Directions for this task: Only the lines from the one with "Thumbnail 4 de" through the last line of the data below are to be duplicated, exactly and without pictures.

Exercise data:
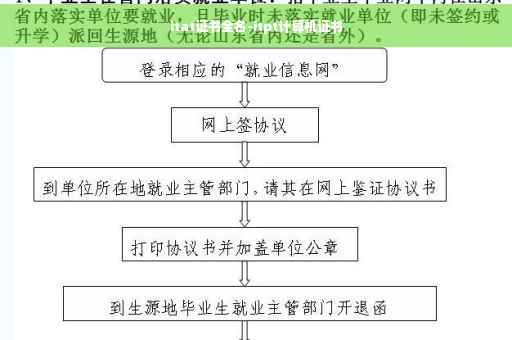 itat证书全名-itpt计算机证书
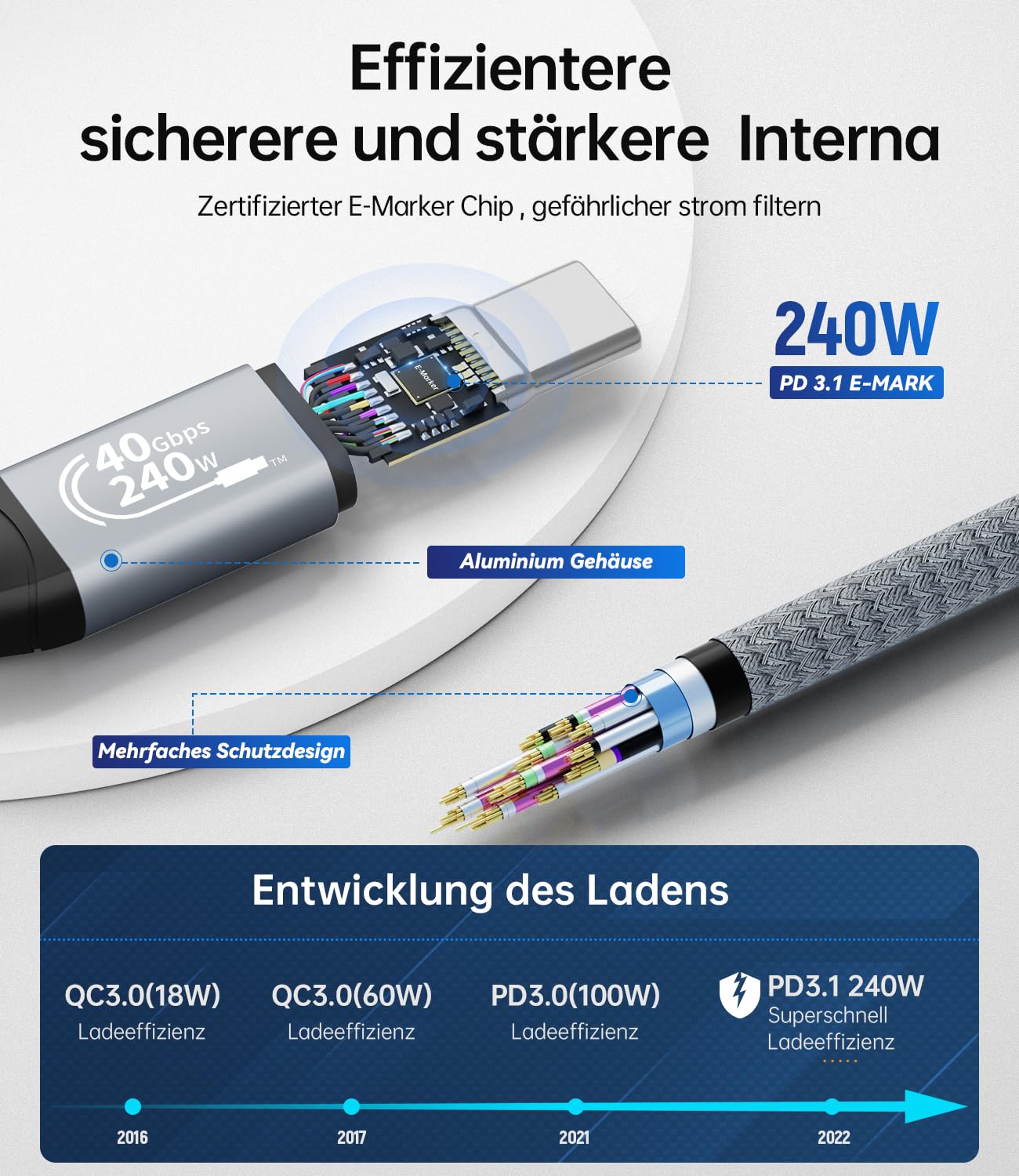 Thumbnail 4 de AGFINEST 240W USB4 Kabel: Thunderbolt 4 kompatibles USB-C Kabel für 8K/4K-Displays und Power Delivery 240 W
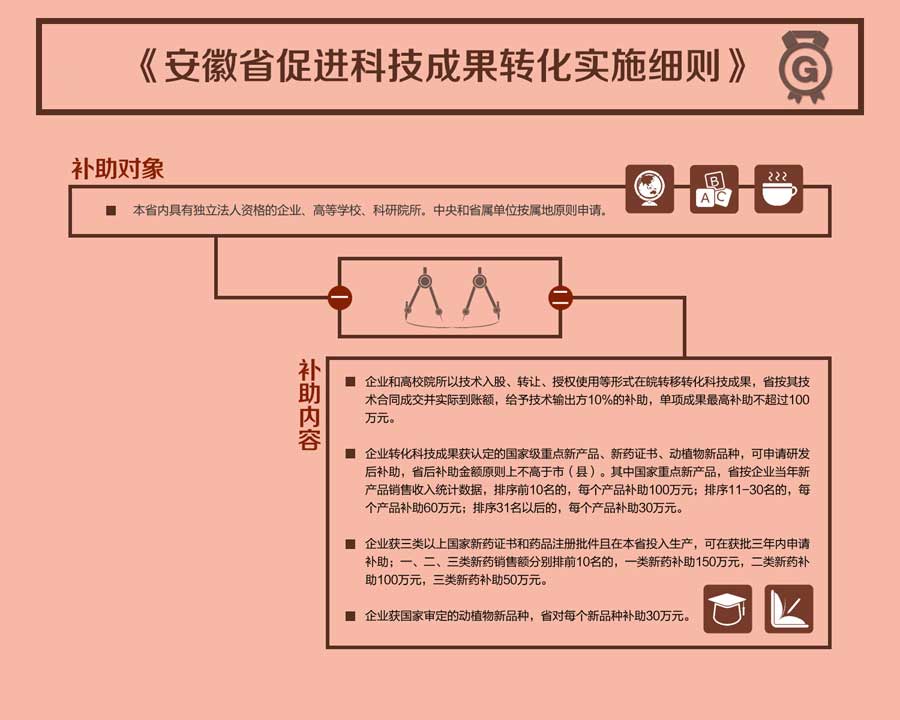 安徽省促进科技成果转化实施细则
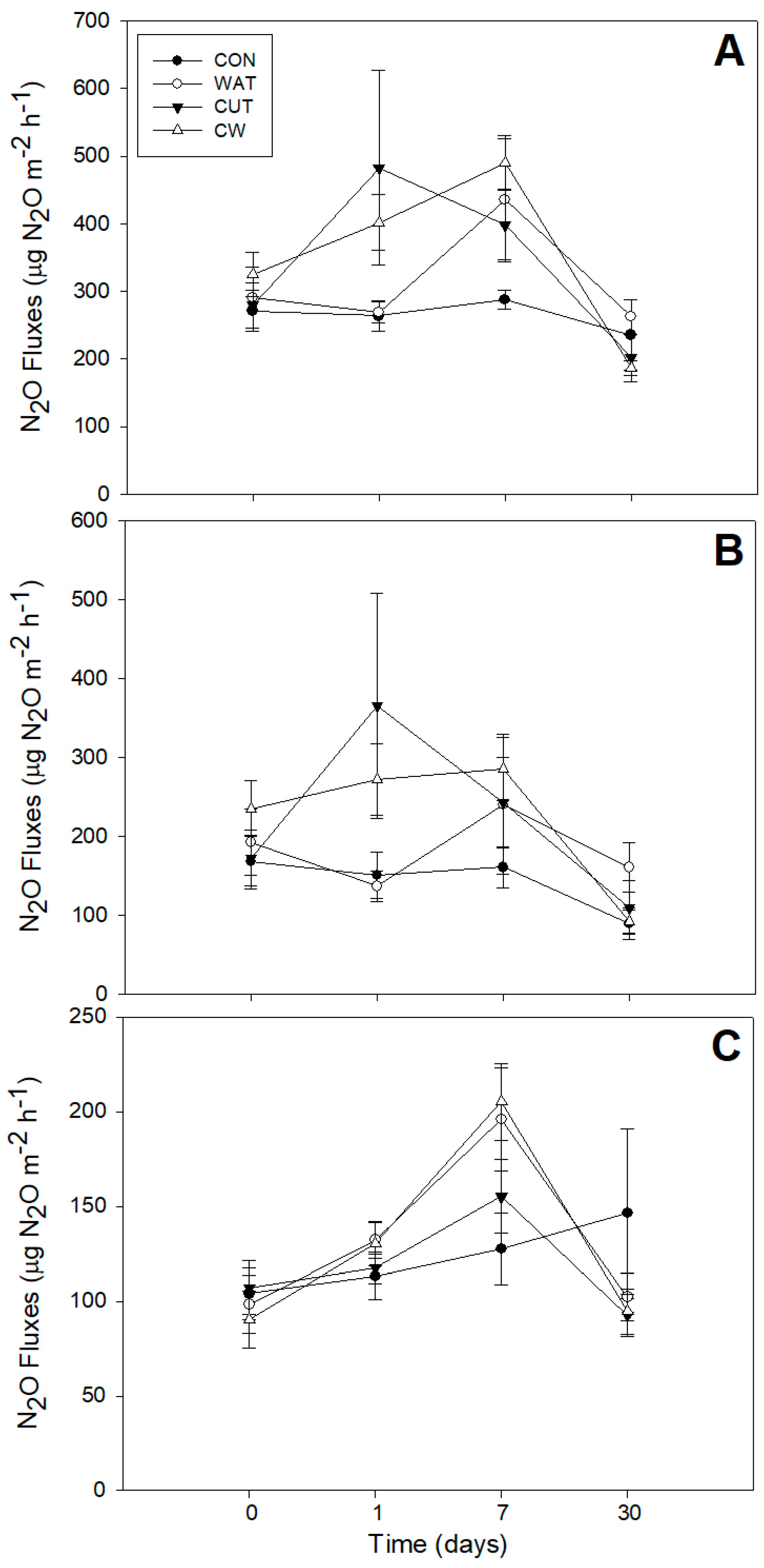Diversity 13 00427 g003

Output below:
 Thumbnail 4 de AGFINEST 240W USB4 Kabel: Thunderbolt 4 kompatibles USB-C Kabel für 8K/4K-Displays und Power Delivery 240 W
 安徽省促进科技成果转化实施细则
Diversity 13 00427 g003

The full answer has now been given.